Short text fragments from websites
■ ■ ■ ■ ■ ■ ■

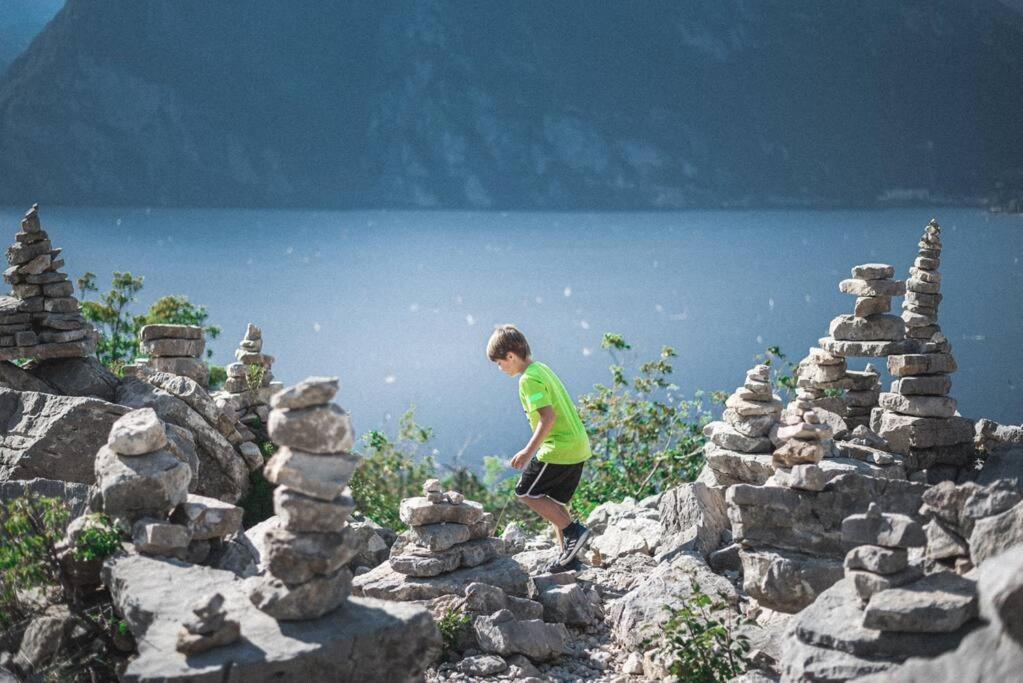 Me Ca - Appartamento Vacanze Riva del Garda Extérieur photo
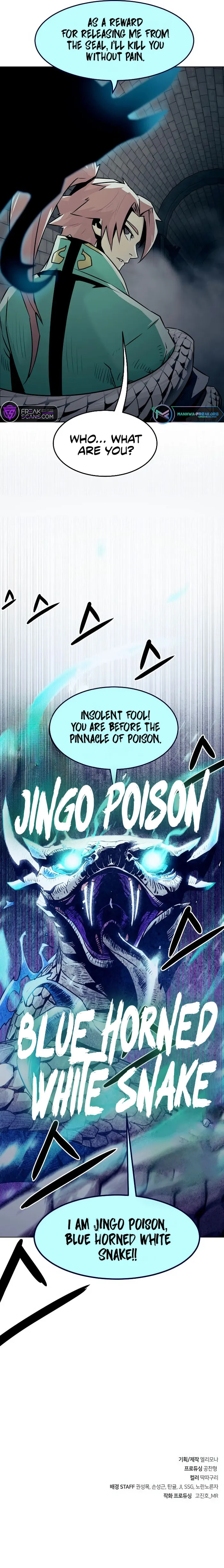 Read Becoming the Swordmaster Rank Young Lord of the Sichuan Tang Family EN Manga Online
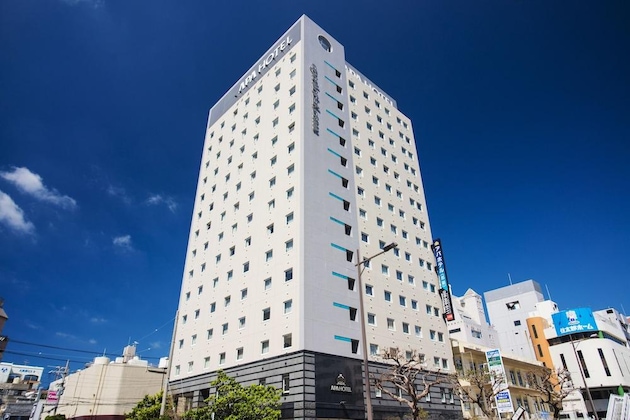 Gallery - Apa Hotel Naha Matsuyama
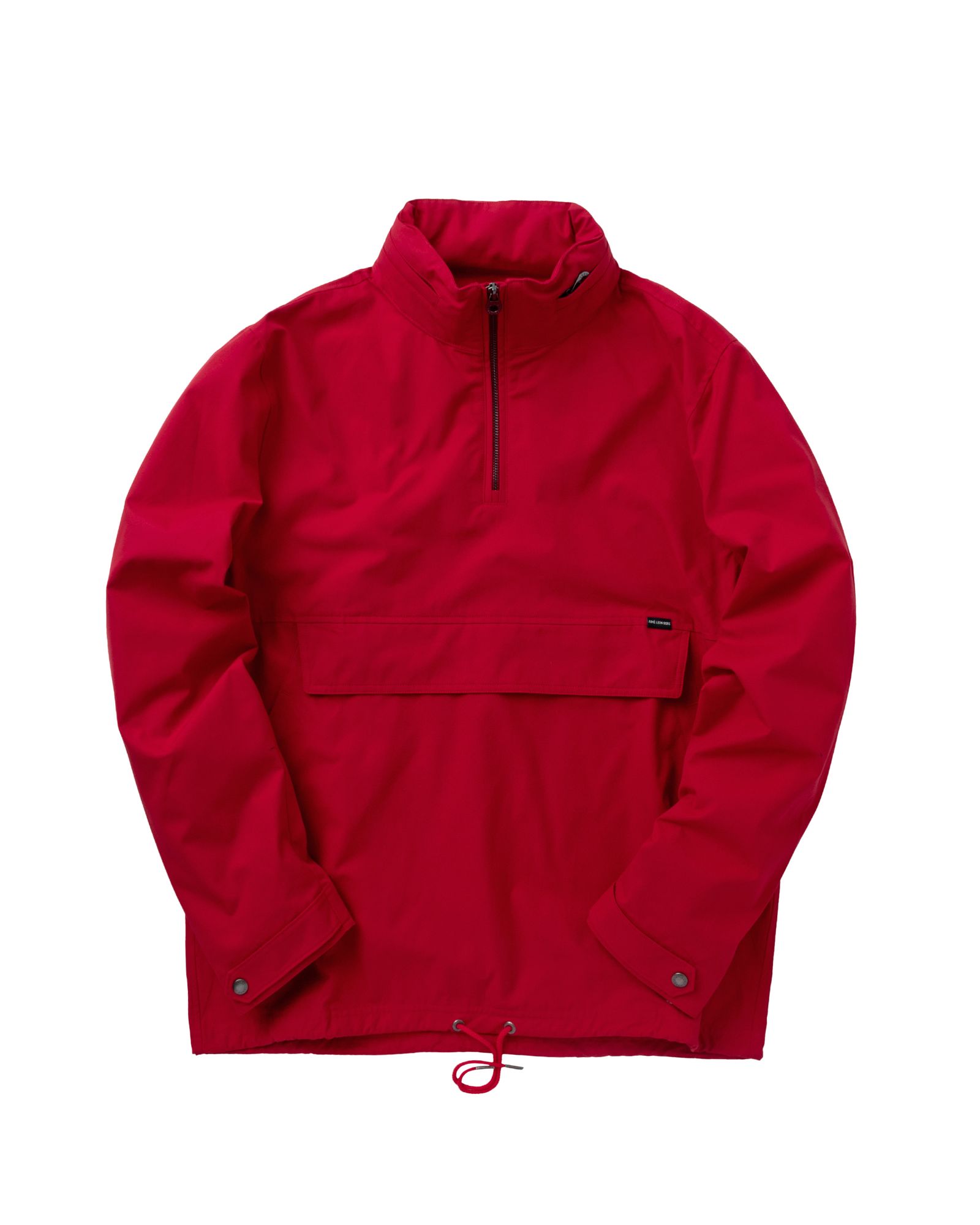 COTTON POPLIN ANORAK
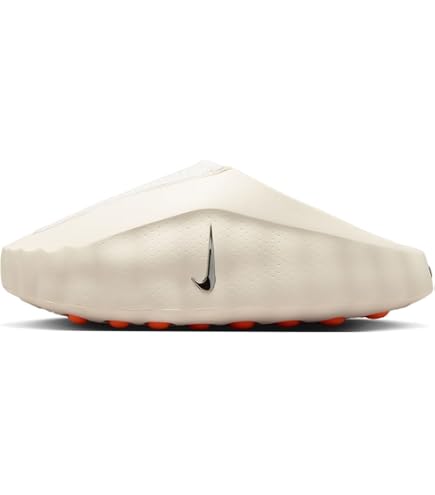 Amazon.com | Nike Mind 001 Light Bone Chrome Mule Pregame Men's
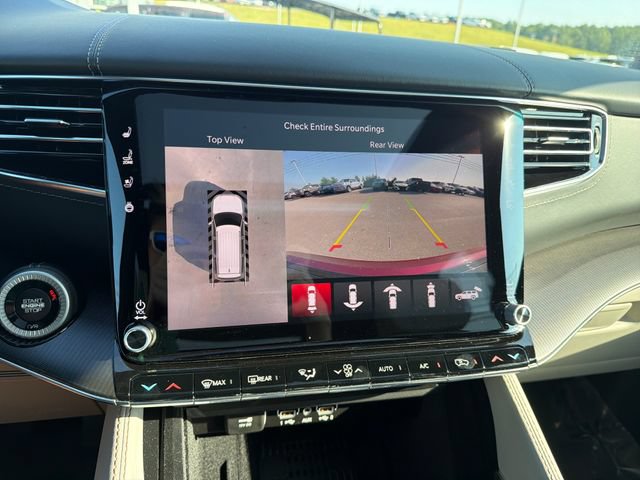 New 2026 Jeep Grand Wagoneer L Summit AWD/4WD image 24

■ ■ ■ ■ ■ ■ ■

Assignment: Output every entry above exactly as written, but omit the pictures.

Solution to this task:
 Me Ca - Appartamento Vacanze Riva del Garda Extérieur photo
 Read Becoming the Swordmaster Rank Young Lord of the Sichuan Tang Family EN Manga Online
 Gallery - Apa Hotel Naha Matsuyama
 COTTON POPLIN ANORAK
 Amazon.com | Nike Mind 001 Light Bone Chrome Mule Pregame Men's
 New 2026 Jeep Grand Wagoneer L Summit AWD/4WD image 24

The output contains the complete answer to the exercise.